All lines below starting at the one that holds "Picture 3 for" and ending at the one that holds "Cross back tank - Picture 1 of 2" should be printed exactly, ends included. Pictures should not be printed, nor anything else.

=== DATASET RECORDS ===

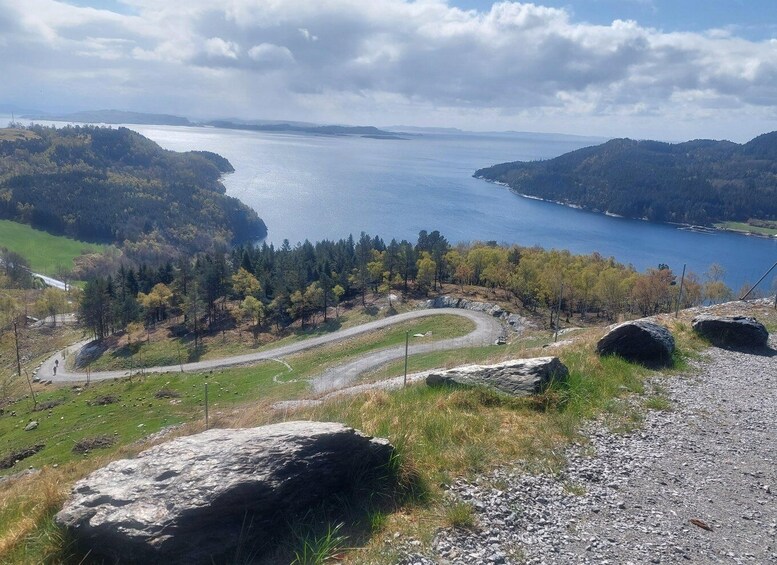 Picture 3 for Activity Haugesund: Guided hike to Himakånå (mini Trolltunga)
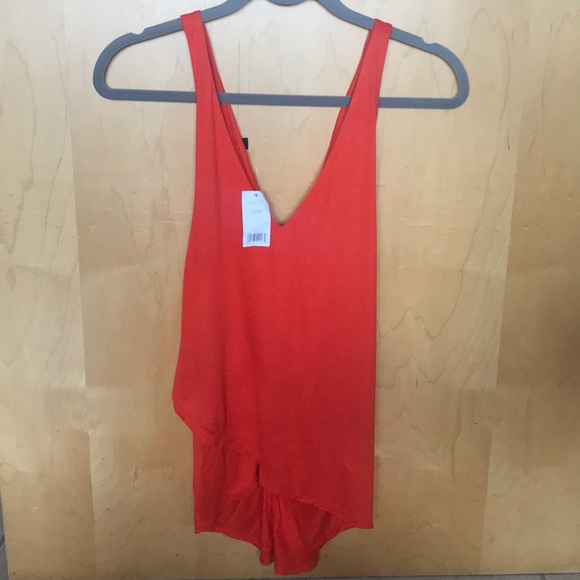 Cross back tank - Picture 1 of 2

===
=== DATASET RECORDS ===

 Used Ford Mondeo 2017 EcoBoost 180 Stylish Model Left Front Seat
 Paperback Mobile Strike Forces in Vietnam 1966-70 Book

===

→ TASK ANSWER
 Picture 3 for Activity Haugesund: Guided hike to Himakånå (mini Trolltunga)
 Cross back tank - Picture 1 of 2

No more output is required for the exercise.